'''

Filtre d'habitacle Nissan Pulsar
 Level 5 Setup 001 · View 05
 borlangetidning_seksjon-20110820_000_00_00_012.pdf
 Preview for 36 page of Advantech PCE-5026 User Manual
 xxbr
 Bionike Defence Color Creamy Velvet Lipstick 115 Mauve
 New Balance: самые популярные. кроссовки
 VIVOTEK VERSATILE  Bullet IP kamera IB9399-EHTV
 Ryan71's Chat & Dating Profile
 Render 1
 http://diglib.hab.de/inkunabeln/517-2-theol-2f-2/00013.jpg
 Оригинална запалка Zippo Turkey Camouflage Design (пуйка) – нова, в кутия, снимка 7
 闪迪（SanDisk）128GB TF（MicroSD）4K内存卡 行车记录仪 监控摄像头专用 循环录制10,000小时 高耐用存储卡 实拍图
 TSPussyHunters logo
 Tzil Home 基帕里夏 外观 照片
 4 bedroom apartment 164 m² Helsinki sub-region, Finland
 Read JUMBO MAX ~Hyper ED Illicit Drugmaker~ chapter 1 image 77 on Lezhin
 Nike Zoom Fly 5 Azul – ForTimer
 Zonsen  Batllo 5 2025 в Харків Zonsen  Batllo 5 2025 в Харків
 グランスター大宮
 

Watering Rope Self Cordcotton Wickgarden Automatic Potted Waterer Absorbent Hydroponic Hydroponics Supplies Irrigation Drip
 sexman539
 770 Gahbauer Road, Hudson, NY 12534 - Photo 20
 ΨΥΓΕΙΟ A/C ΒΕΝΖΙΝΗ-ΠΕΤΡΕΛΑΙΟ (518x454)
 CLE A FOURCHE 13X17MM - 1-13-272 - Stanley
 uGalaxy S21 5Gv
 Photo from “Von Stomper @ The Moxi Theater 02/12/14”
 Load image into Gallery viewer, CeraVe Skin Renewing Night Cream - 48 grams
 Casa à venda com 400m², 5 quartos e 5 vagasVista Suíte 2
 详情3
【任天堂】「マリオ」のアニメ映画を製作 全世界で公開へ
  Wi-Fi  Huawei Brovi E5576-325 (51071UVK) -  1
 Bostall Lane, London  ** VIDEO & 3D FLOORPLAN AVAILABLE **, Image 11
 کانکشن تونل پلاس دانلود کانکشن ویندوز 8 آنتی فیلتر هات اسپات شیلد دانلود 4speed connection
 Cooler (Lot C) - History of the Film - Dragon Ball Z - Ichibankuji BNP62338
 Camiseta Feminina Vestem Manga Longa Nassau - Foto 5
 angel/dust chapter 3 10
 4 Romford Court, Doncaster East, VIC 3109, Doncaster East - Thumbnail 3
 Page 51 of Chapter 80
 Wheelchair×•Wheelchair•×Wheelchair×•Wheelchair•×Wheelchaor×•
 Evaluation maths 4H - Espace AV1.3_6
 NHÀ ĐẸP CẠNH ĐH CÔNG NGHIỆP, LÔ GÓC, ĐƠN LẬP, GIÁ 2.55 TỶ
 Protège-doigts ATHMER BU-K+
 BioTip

'''

## EXERCISE DETAILS
Copy the data exactly as it was presented.

## WRITTEN REPLY
Filtre d'habitacle Nissan Pulsar
 Level 5 Setup 001 · View 05
 borlangetidning_seksjon-20110820_000_00_00_012.pdf
 Preview for 36 page of Advantech PCE-5026 User Manual
 xxbr
 Bionike Defence Color Creamy Velvet Lipstick 115 Mauve
 New Balance: самые популярные. кроссовки
 VIVOTEK VERSATILE  Bullet IP kamera IB9399-EHTV
 Ryan71's Chat & Dating Profile
 Render 1
 http://diglib.hab.de/inkunabeln/517-2-theol-2f-2/00013.jpg
 Оригинална запалка Zippo Turkey Camouflage Design (пуйка) – нова, в кутия, снимка 7
 闪迪（SanDisk）128GB TF（MicroSD）4K内存卡 行车记录仪 监控摄像头专用 循环录制10,000小时 高耐用存储卡 实拍图
 TSPussyHunters logo
 Tzil Home 基帕里夏 外观 照片
 4 bedroom apartment 164 m² Helsinki sub-region, Finland
 Read JUMBO MAX ~Hyper ED Illicit Drugmaker~ chapter 1 image 77 on Lezhin
 Nike Zoom Fly 5 Azul – ForTimer
 Zonsen  Batllo 5 2025 в Харків Zonsen  Batllo 5 2025 в Харків
 グランスター大宮
 

Watering Rope Self Cordcotton Wickgarden Automatic Potted Waterer Absorbent Hydroponic Hydroponics Supplies Irrigation Drip
 sexman539
 770 Gahbauer Road, Hudson, NY 12534 - Photo 20
 ΨΥΓΕΙΟ A/C ΒΕΝΖΙΝΗ-ΠΕΤΡΕΛΑΙΟ (518x454)
 CLE A FOURCHE 13X17MM - 1-13-272 - Stanley
 uGalaxy S21 5Gv
 Photo from “Von Stomper @ The Moxi Theater 02/12/14”
 Load image into Gallery viewer, CeraVe Skin Renewing Night Cream - 48 grams
 Casa à venda com 400m², 5 quartos e 5 vagasVista Suíte 2
 详情3
【任天堂】「マリオ」のアニメ映画を製作 全世界で公開へ
  Wi-Fi  Huawei Brovi E5576-325 (51071UVK) -  1
 Bostall Lane, London  ** VIDEO & 3D FLOORPLAN AVAILABLE **, Image 11
 کانکشن تونل پلاس دانلود کانکشن ویندوز 8 آنتی فیلتر هات اسپات شیلد دانلود 4speed connection
 Cooler (Lot C) - History of the Film - Dragon Ball Z - Ichibankuji BNP62338
 Camiseta Feminina Vestem Manga Longa Nassau - Foto 5
 angel/dust chapter 3 10
 4 Romford Court, Doncaster East, VIC 3109, Doncaster East - Thumbnail 3
 Page 51 of Chapter 80
 Wheelchair×•Wheelchair•×Wheelchair×•Wheelchair•×Wheelchaor×•
 Evaluation maths 4H - Espace AV1.3_6
 NHÀ ĐẸP CẠNH ĐH CÔNG NGHIỆP, LÔ GÓC, ĐƠN LẬP, GIÁ 2.55 TỶ
 Protège-doigts ATHMER BU-K+
 BioTip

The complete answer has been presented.